*** Data shown ***
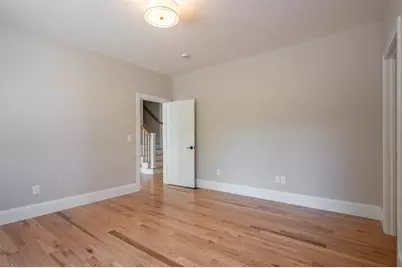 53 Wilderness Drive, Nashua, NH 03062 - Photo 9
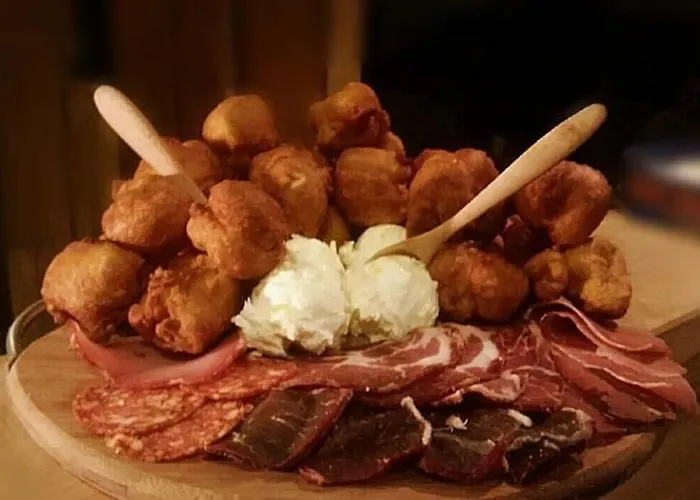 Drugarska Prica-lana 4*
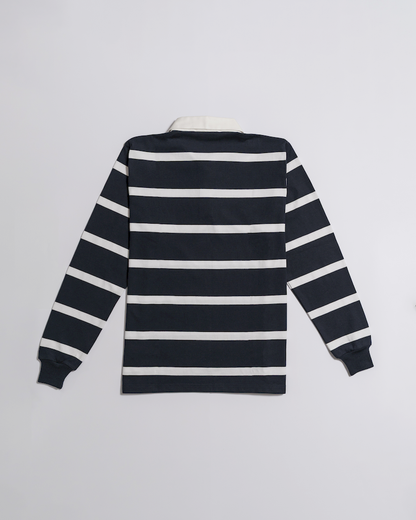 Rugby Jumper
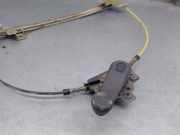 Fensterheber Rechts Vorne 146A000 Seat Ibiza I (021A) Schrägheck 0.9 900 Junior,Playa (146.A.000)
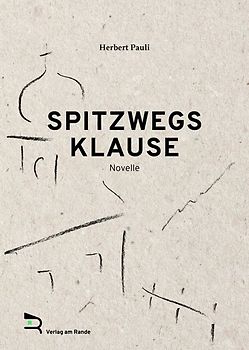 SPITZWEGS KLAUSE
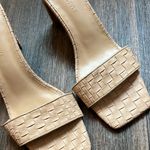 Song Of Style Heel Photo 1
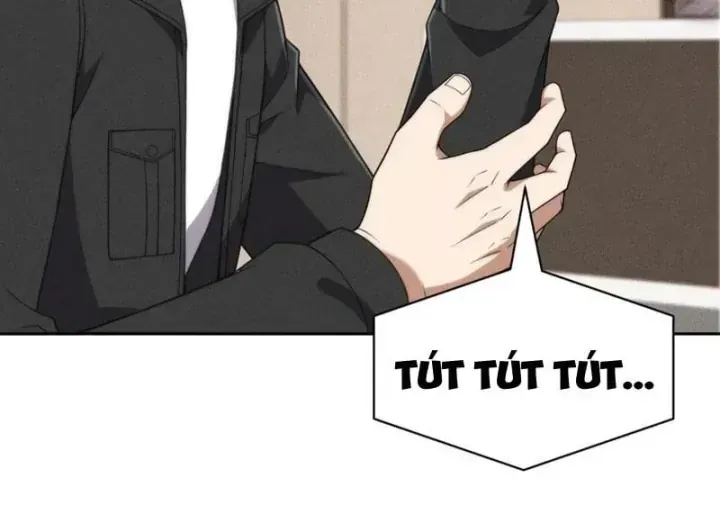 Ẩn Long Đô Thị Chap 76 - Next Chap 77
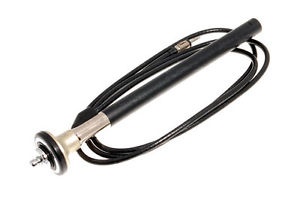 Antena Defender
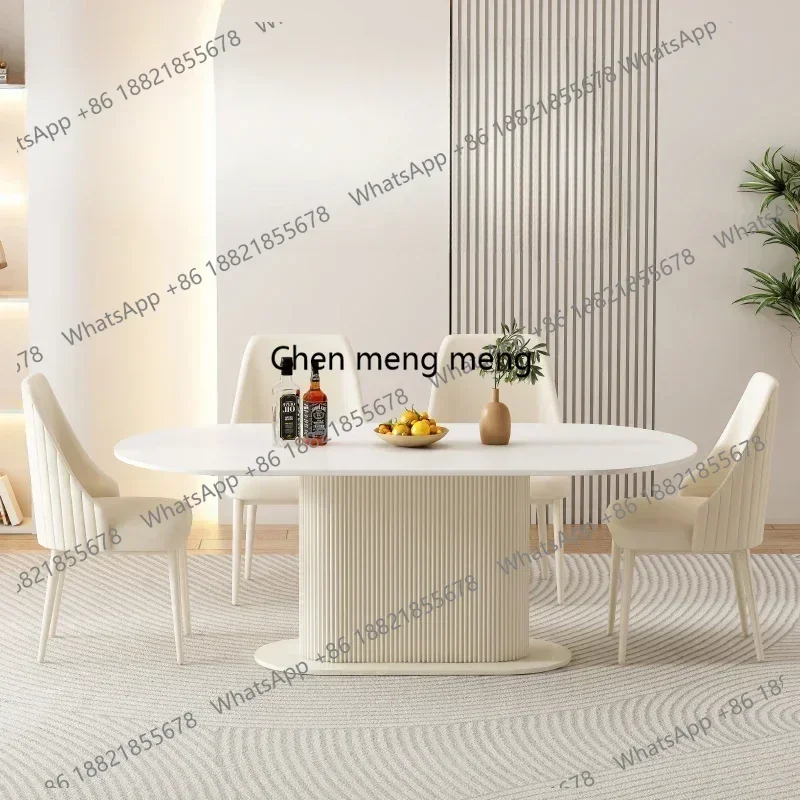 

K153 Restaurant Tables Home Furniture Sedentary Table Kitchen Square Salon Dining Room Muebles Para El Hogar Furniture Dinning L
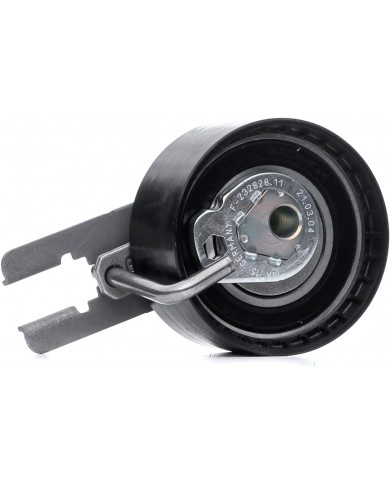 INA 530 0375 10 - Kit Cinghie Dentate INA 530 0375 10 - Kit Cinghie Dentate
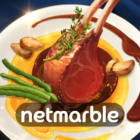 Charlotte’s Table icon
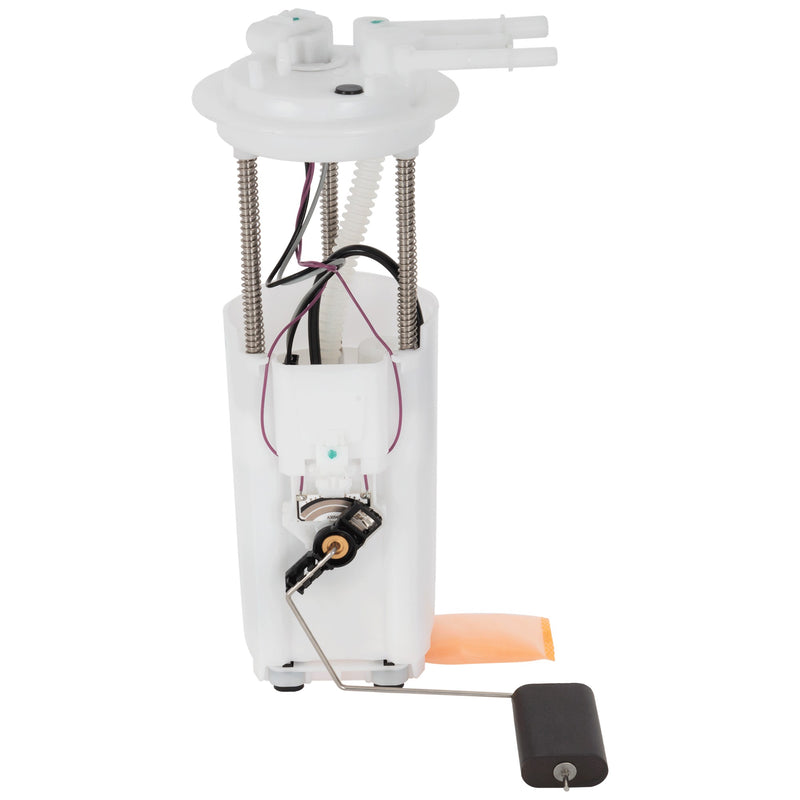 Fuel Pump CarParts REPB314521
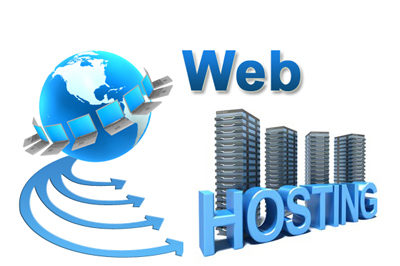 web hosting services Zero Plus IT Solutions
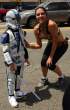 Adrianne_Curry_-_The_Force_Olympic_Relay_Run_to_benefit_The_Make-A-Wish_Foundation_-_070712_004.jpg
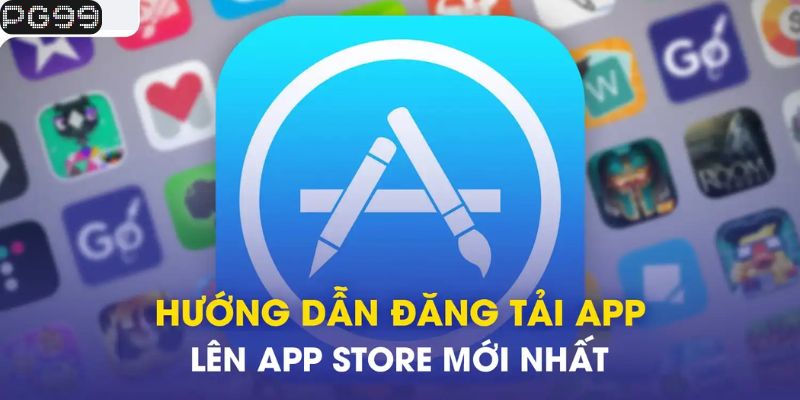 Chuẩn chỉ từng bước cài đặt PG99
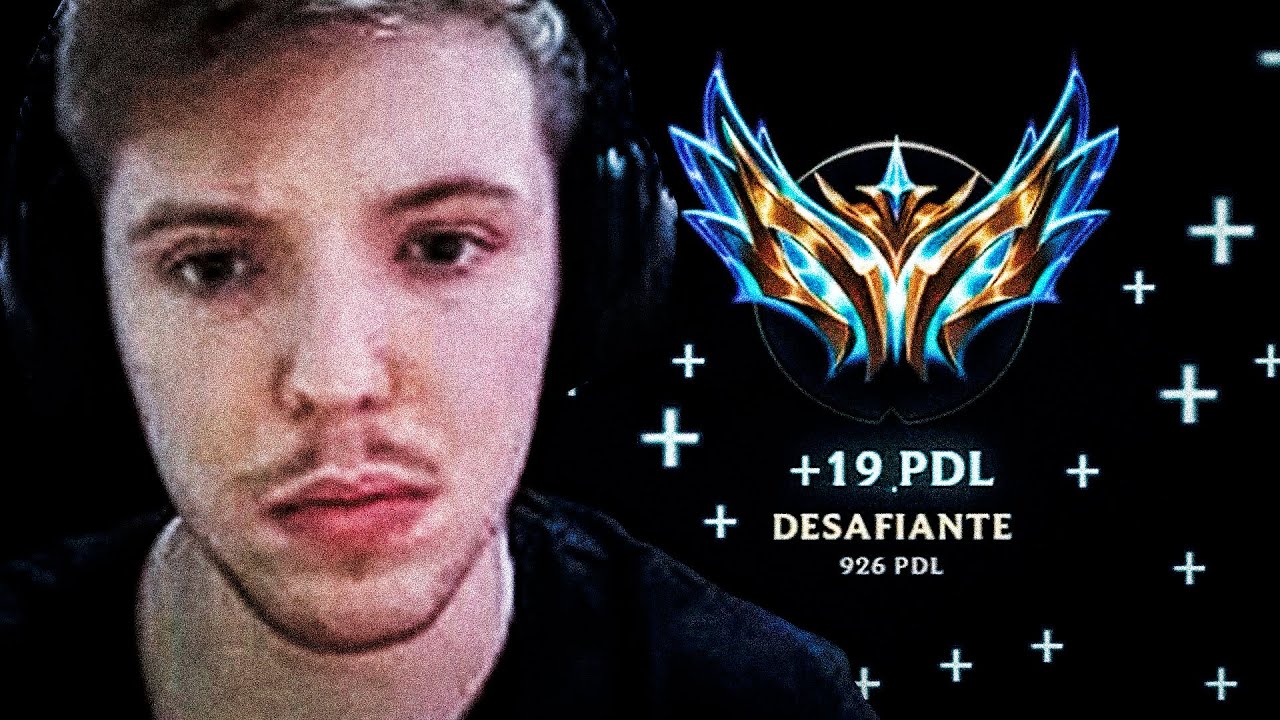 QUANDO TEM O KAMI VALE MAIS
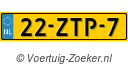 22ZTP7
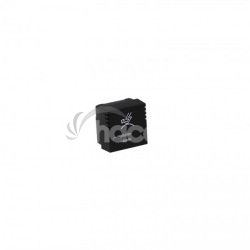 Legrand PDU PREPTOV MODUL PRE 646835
*** End of Data shown ***
Requirement:
Starting with the line that contains "Chuẩn chỉ từng bước cài đặt PG99", give the lines again exactly as they appear through the last line of the data, pictures excluded.

Answer box:
 Chuẩn chỉ từng bước cài đặt PG99
 QUANDO TEM O KAMI VALE MAIS
 22ZTP7
 Legrand PDU PREPTOV MODUL PRE 646835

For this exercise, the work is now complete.